En esta monogamia única con infidelidad, el amor de pareja presenta las características de una sociedad por conveniencia, a la cual nos referiremos más adelante cuando hablemos de la historia de la elección de pareja en Occidente.
Los hombres cazadores-acopiadores tienen poderosas tradiciones de equidad y solidaridad. Para gran parte de la humanidad, en este período las jerarquías formales no existen. Sin embargo, con el correr del tiempo la organización de la cosecha anual, el almacenamiento, la distribución, la planificación del comercio y la representación de la comunidad en las reuniones, dan pie al surgimiento de los líderes. Cabe inferir que los jefes de aldea adquieren poder con la aparición de los primeros asentamientos de comunidades no agrícolas. Y, más tarde, con la vida sedentaria, la organización política se hace más compleja y también más jerárquica. Sedentarismo, monogamia permanente y jerarquías masculinas van de la mano.
La guerra es otro factor que gravita en la declinación de los derechos de la mujer. A medida que aumenta la población se empiezan a defender las propiedades y los territorios; los guerreros adquieren gran relevancia, a la par que incrementan su poder sobre las mujeres (46).
En el lapso que describimos, el patriarcado se expande a través de toda Euroasia. El sistema predominante de relación es de tipo patriarcal, característico de las sociedades agrícolas, donde las mujeres se convierten en propiedad que debe ser vigilada, guardada y explotada.
En la historia cultural de Occidente, este largo período de tres mil cuatrocientos años puede ser dividido en tres grandes fases: una primera etapa tribal, luego el tiempo que corresponde a la Grecia antigua y, por último, gran parte del lapso histórico del Imperio Romano de Occidente.
En la estructura tribal, el individuo está siempre al servicio de la comunidad y de la sociedad. La familia es un ente destinado a maximizar las oportunidades de supervivencia; no hay cabida en ella ni para el amor ni para la intimidad emocional, sólo para la resolución de necesidades prácticas vinculadas a la caza, al cultivo, a la crianza de los niños, a la defensa y a la protección. 5
Los griegos exaltaban la relación espiritual entre dos amantes, la cual sólo consideraban posible en el contexto de relaciones homosexuales, entre hombres adultos y muchachos jóvenes. El deseo carnal, como también el amor heterosexual o la belleza femenina, carecían de significado ético y de importancia espiritual. Para Platón y Aristóteles, las mujeres eran inferiores a los hombres, tanto en cuerpo como en mente. La ley las consideraba mínimamente, y carecían de los derechos propios de los ciudadanos griegos. Las funciones que la mujer desempeñó antes, ahora las realizaban los esclavos. Ya ni siquiera podían ser la compañera que luchaba por la supervivencia. El matrimonio por amor estaba ausente del pensamiento griego; la unión conyugal era un mal necesario, destinado a mantener la descendencia (14).

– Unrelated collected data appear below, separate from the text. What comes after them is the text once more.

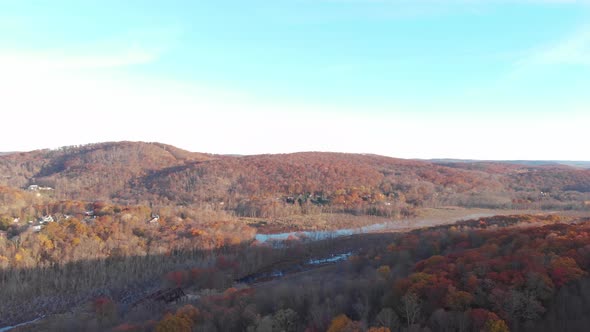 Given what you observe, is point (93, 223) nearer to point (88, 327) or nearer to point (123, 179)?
point (88, 327)

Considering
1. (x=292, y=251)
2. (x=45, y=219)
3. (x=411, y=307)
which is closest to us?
(x=411, y=307)

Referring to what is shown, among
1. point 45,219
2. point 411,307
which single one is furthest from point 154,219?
point 411,307

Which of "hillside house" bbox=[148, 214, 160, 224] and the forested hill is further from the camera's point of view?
the forested hill

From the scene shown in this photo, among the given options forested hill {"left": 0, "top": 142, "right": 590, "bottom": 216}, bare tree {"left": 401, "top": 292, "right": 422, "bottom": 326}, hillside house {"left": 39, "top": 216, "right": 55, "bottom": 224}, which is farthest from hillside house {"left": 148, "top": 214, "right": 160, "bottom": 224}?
bare tree {"left": 401, "top": 292, "right": 422, "bottom": 326}

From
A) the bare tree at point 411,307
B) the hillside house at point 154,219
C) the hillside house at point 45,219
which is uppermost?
the bare tree at point 411,307

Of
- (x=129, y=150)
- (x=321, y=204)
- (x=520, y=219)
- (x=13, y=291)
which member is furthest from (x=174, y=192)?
(x=520, y=219)

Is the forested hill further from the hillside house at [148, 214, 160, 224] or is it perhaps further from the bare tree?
the bare tree

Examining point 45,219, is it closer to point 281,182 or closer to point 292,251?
point 292,251

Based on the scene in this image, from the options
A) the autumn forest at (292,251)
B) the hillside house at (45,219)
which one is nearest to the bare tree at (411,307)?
the autumn forest at (292,251)

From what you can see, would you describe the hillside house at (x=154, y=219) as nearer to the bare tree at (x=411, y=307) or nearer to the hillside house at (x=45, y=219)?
the hillside house at (x=45, y=219)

Para Nataniel Branden, los romanos, por su parte, tenían una perspectiva cínica del amor. Desde el estoicismo de su cultura, los compromisos pasionales parecían una amenaza para el cumplimiento del deber. Tampoco se casaban por amor. Se acordaban los matrimonios por motivos económicos o políticos, y se circunscribía el papel de la mujer a administrar la casa y criar a los hijos. Pero en esta preocupación por proteger la propiedad y conservarla, la familia adquirió una importancia distinta a la que tuvo en Grecia. La ley romana estipuló en forma escrupulosa la transmisión de la propiedad de una a otra generación. Esta cultura ensalzó la virtud de la virginidad en las mujeres solteras y la fidelidad en las casadas, e incluso se llegó a pedir fidelidad al marido (14).